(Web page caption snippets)

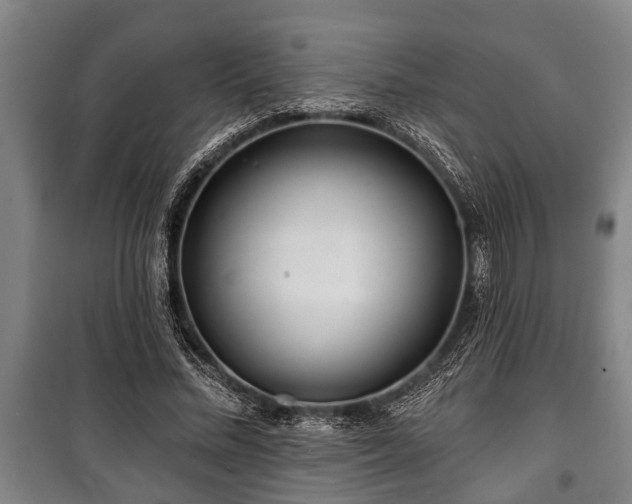 X0000100840684200806271113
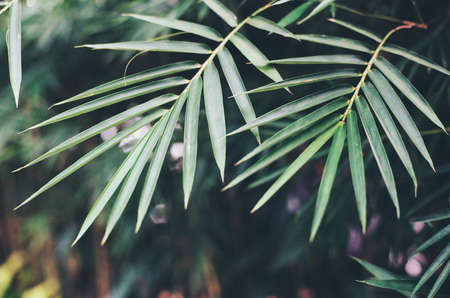 Beauty bamboo branches downsの写真素材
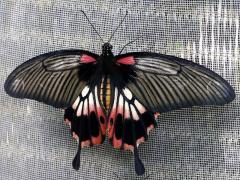 (Great Mormon Swallowtail) alcanor female upperside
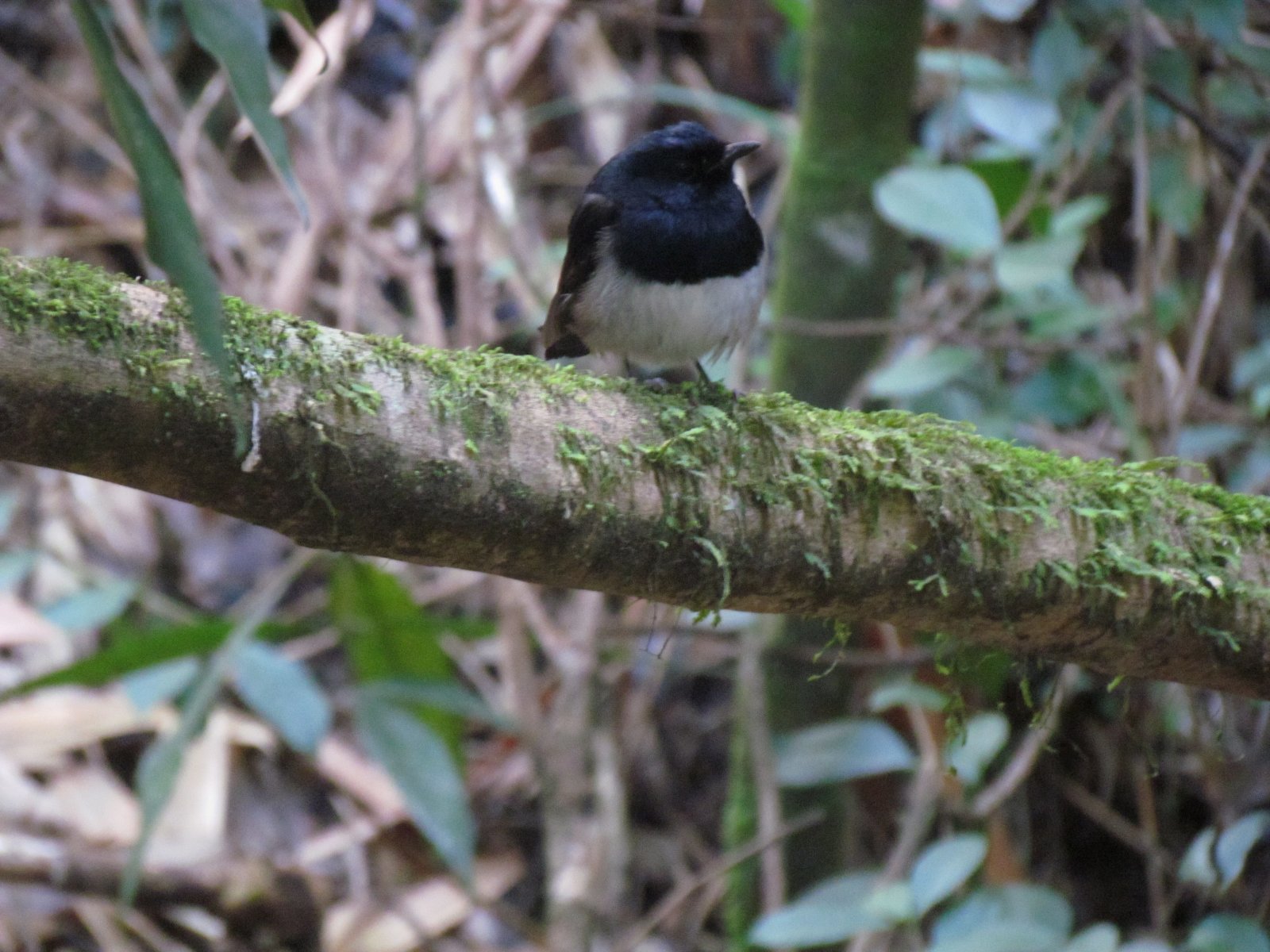 Ranomafana - Tropical rainforest - Bird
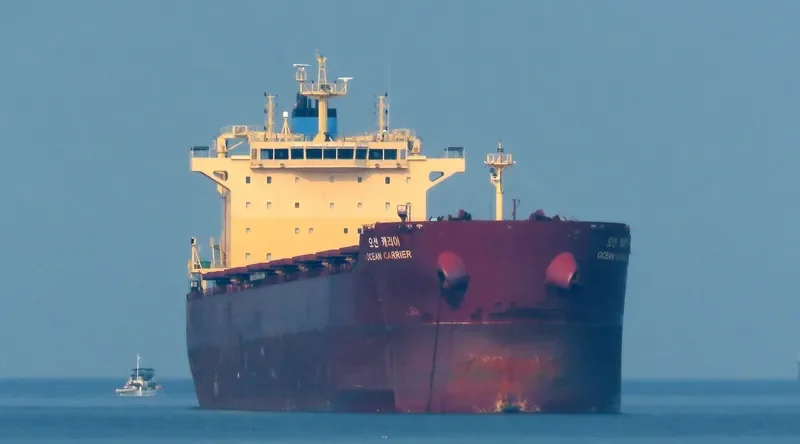 OCEAN CARRIER Bulk Carrier IMO 9624677 photo 4
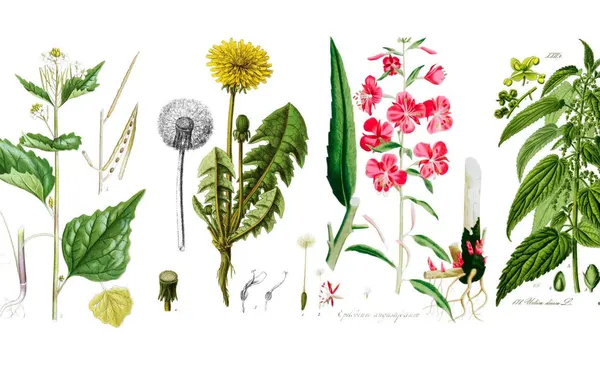 Wild edible plants growing in a Norwegian meadow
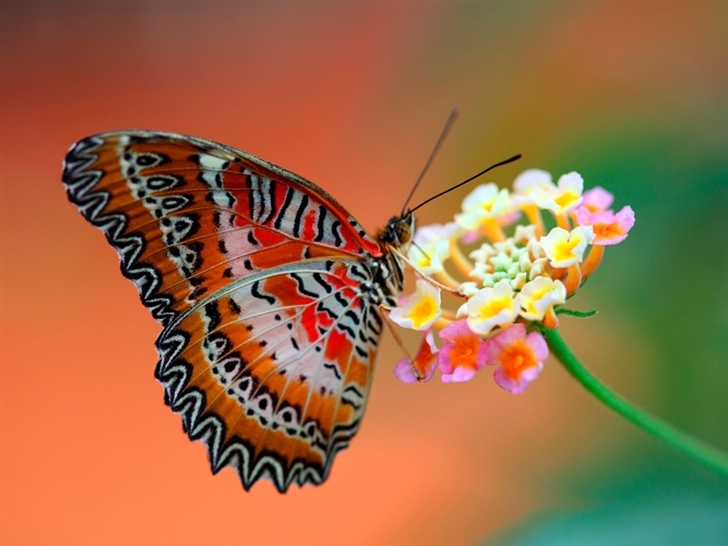 Butterfly On Flower Mac Wallpaper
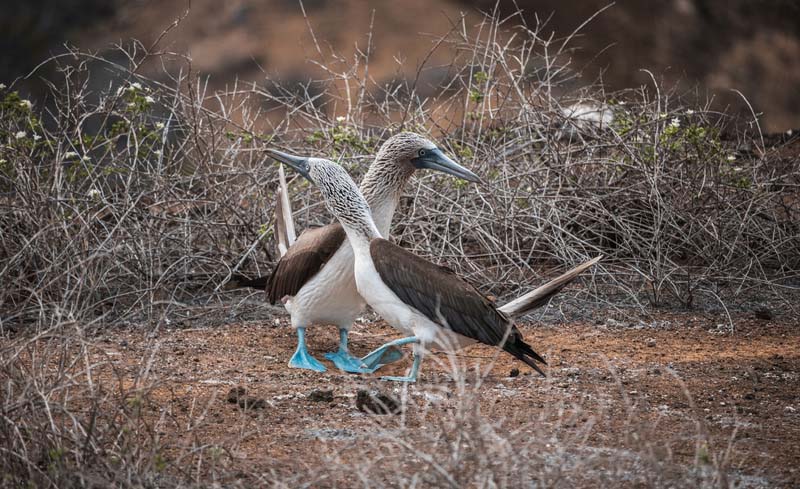 Blue-footed booby mating rituals | Galapagos Islands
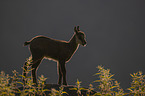 young Chamois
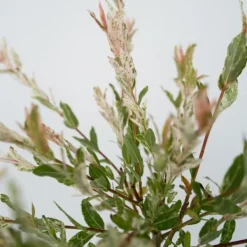 Outlet Japansk dvärgpil - Salix integra 'Flamingo' - Höjd 60-80cm - Kruka 17cm Trädgårdsväxter
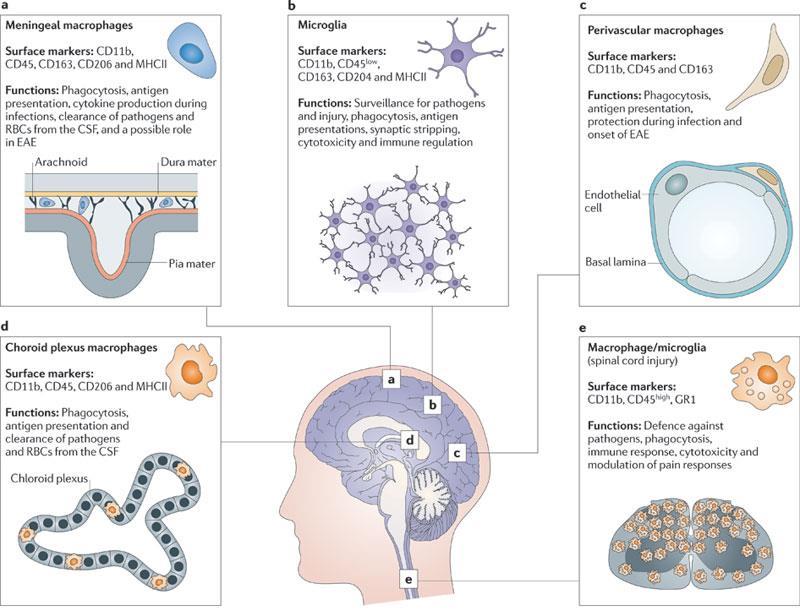 Mikroglia makrofág populációk idegrendszerben CD:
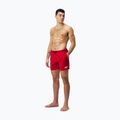 Pantaloni scurți de înot bărbați Speedo Boom Logo 16' roșu 68-124336446 2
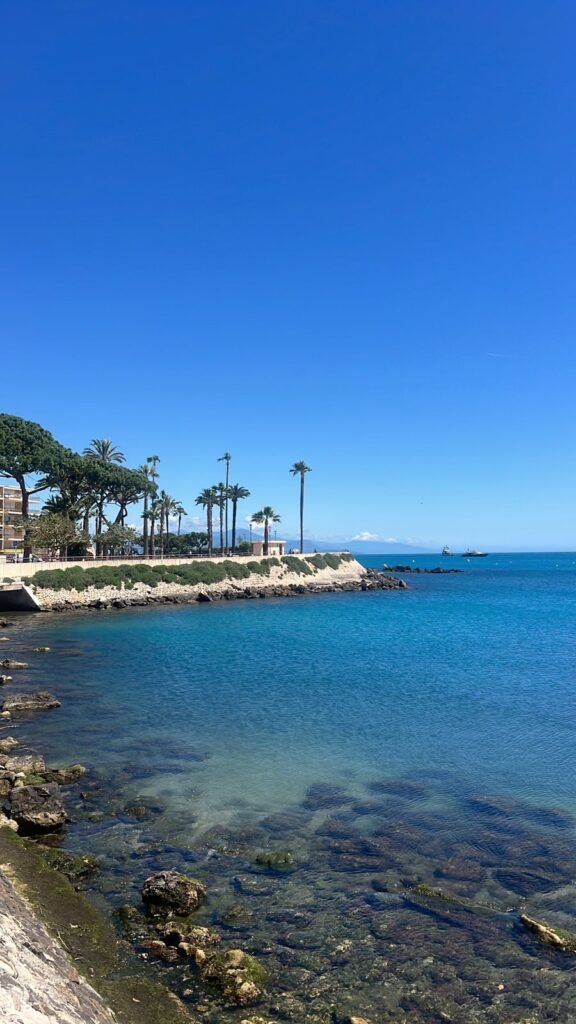 Bord de mer et palmiers à la Salis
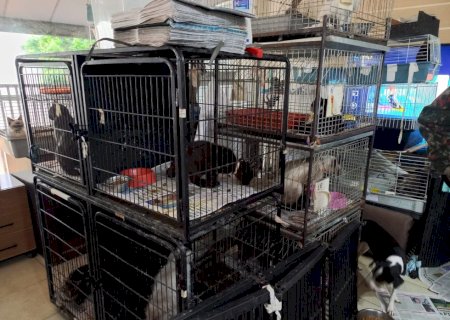 Polícia Militar Ambiental aplica multa de R$175.000,00 a ONG de Campo Grande por maus-tratos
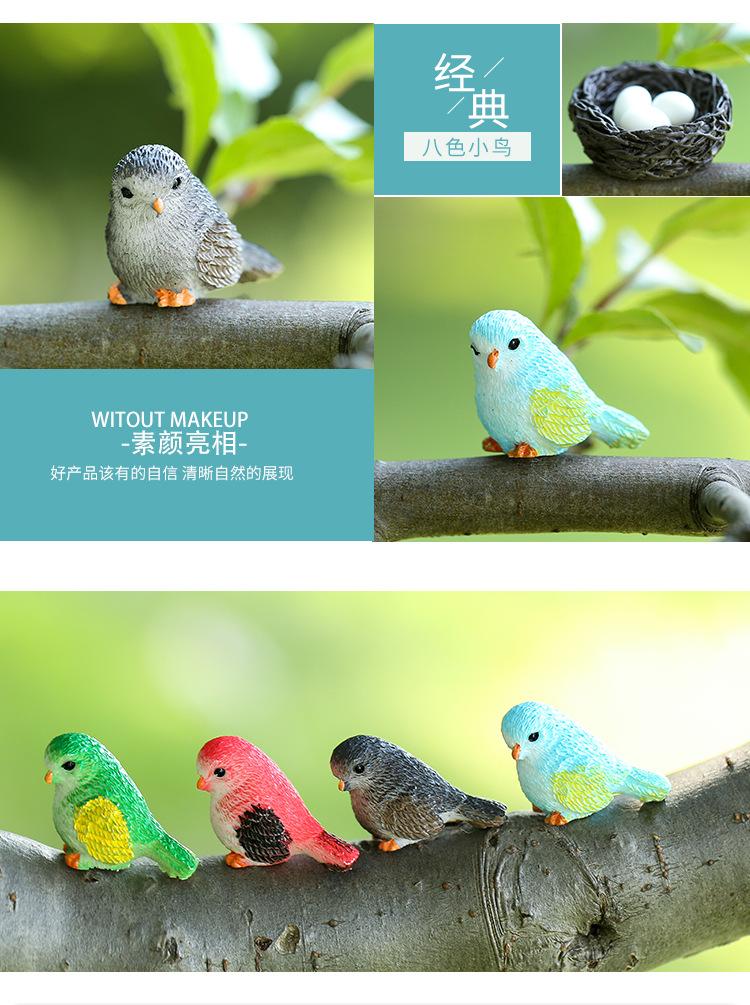 八色小鸟_05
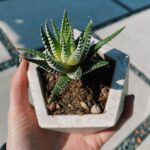 Jenn McAllister Instagram - my best friend took my dead succulent from me a couple months ago and gave it back to me alive again Los Angeles, California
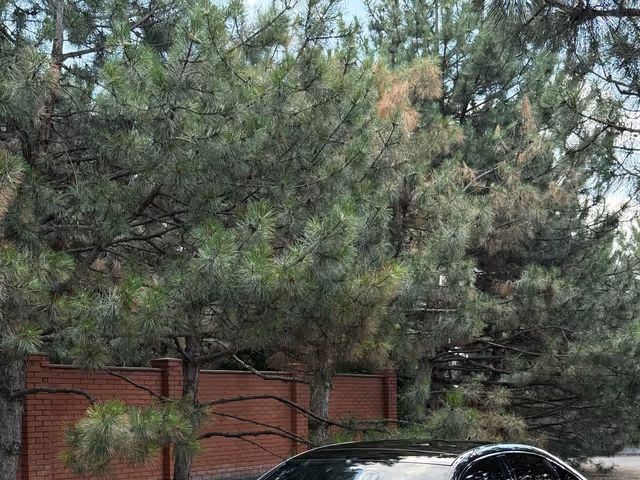 Audi A6 - фото 5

Task prompt: All the data above is to be transcribed exactly, with no pictures included.

Solution to this exercise:
 X0000100840684200806271113
 Beauty bamboo branches downsの写真素材
 (Great Mormon Swallowtail) alcanor female upperside
 Ranomafana - Tropical rainforest - Bird
 OCEAN CARRIER Bulk Carrier IMO 9624677 photo 4
 Wild edible plants growing in a Norwegian meadow
 Butterfly On Flower Mac Wallpaper
 Blue-footed booby mating rituals | Galapagos Islands
 young Chamois
 Outlet Japansk dvärgpil - Salix integra 'Flamingo' - Höjd 60-80cm - Kruka 17cm Trädgårdsväxter
 Mikroglia makrofág populációk idegrendszerben CD:
 Pantaloni scurți de înot bărbați Speedo Boom Logo 16' roșu 68-124336446 2
 Bord de mer et palmiers à la Salis
 Polícia Militar Ambiental aplica multa de R$175.000,00 a ONG de Campo Grande por maus-tratos
 八色小鸟_05
 Jenn McAllister Instagram - my best friend took my dead succulent from me a couple months ago and gave it back to me alive again Los Angeles, California
 Audi A6 - фото 5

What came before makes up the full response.